• What to do:
The response should repeat word for word every line below from the one with "Comparing 50 Chinese" to the one with "外部入出力 バックカメラ入力端子 テレビアンテナ端子", inclusive, and nothing else; leave pictures out.

• Provided entries:
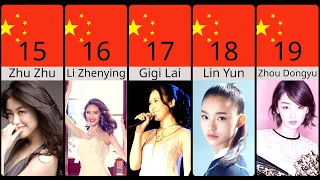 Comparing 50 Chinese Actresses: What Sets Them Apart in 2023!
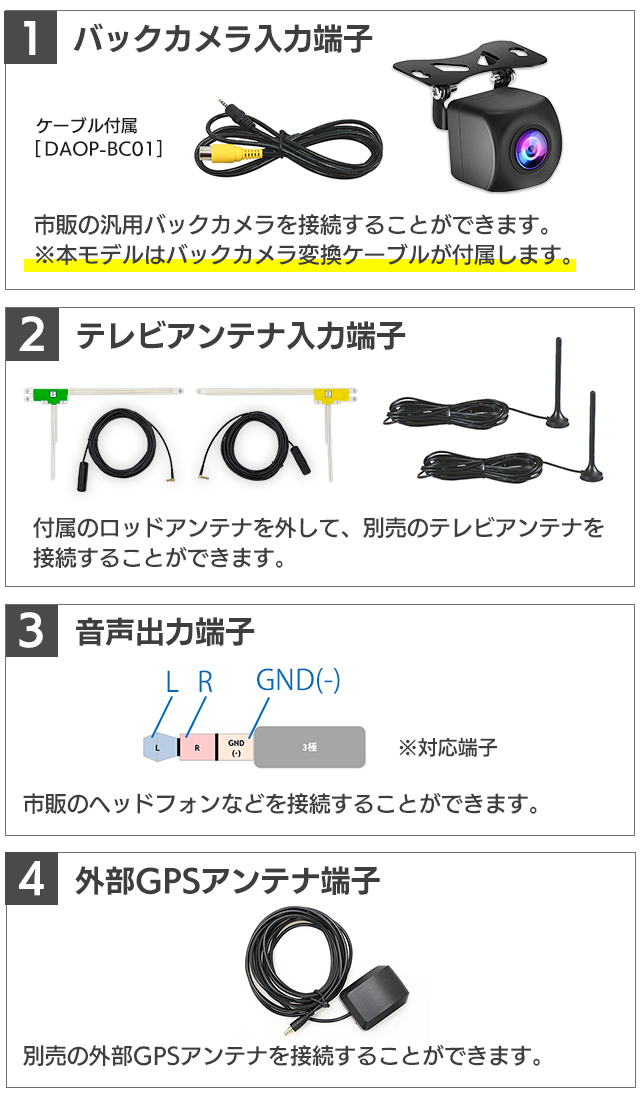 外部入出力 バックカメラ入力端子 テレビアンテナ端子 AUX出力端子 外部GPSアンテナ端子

--

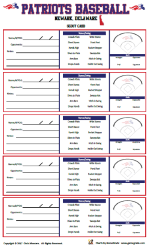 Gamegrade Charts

• Output for this exercise:
 Comparing 50 Chinese Actresses: What Sets Them Apart in 2023!
 外部入出力 バックカメラ入力端子 テレビアンテナ端子 AUX出力端子 外部GPSアンテナ端子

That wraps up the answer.